DVD Review: Ghost Rider

Movie ••½ Picture •••• Sound •••• Extras ••½
A daredevil stunt-rider by day, the Devil's bounty-hunter by night. Hollywood may not have reached the bottom of the comic-book barrel quite yet, but Ghost Rider is pretty close. Although Nicolas Cage has often declared himself a great fan of the character, he comes across as rather disengaged here. Still, writer/director Mark Steven Johnson brings some energy to the film once it gets rolling, and the horror elements make for a nice change from the average comic-book action flick. The plot is ... well, it's something to do with the Devil's son and a missing contract for lost souls, but you'll probably find it best to just sit back and enjoy the motorcycle action, the cowboy backdrop, and a superhero who's got a flaming skull.

A lot of the action takes place in dark alleys and nighttime desert landscapes, but thankfully the transfer is up to the challenge. Blacks are rich and deep, with extremely sharp detail. And the brightly lit scenes fare just as well. Particularly noteworthy is Johnny Blaze's stunt of jumping from one goalpost on a football field to the other, where his brilliant white costume stands out beautifully against the rich red of the ramp.

The soundtrack isn't subtle - but most of us aren't looking for subtlety in a superhero movie anyway. The roaring motorcycle really pumps the subwoofer, and these action scenes are punctuated with strong panning effects. The dynamic range is slightly wider on the DTS track, but the Dolby Digital mix works just fine.

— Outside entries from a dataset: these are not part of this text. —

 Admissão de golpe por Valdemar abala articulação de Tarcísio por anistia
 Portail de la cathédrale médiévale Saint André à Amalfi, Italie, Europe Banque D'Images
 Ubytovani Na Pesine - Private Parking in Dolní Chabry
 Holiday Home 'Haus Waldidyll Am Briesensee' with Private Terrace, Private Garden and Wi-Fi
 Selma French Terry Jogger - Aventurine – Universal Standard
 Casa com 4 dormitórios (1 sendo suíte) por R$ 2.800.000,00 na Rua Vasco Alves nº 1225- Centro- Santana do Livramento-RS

Even the single-disc edition of Ghost Rider manages to cram in a lot of extras. Two 30-minute featurettes include the standard blend of behind-the-scenes footage with all the talent involved patting each other on the back. There's a commentary by Johnson and effects guru Kevin Mack; Johnson is very enthusiastic, and Mack offers some technical insights. Another commentary, by producer Gary Foster, doesn't hold a lot of interest. If you think you can manage to get through both, you'll probably want the two-disc edition, which contains an extended version of the film that's 15 minutes longer than the theatrical cut. It also adds the animatics that the filmmakers used to work out how scenes would be shot and a 45-minute documentary on the comic-book origins of Ghost Rider. [PG-13] English, Dolby Digital and DTS 5.1; French, Dolby Digital 5.1; letterboxed (2.35:1); dual layer.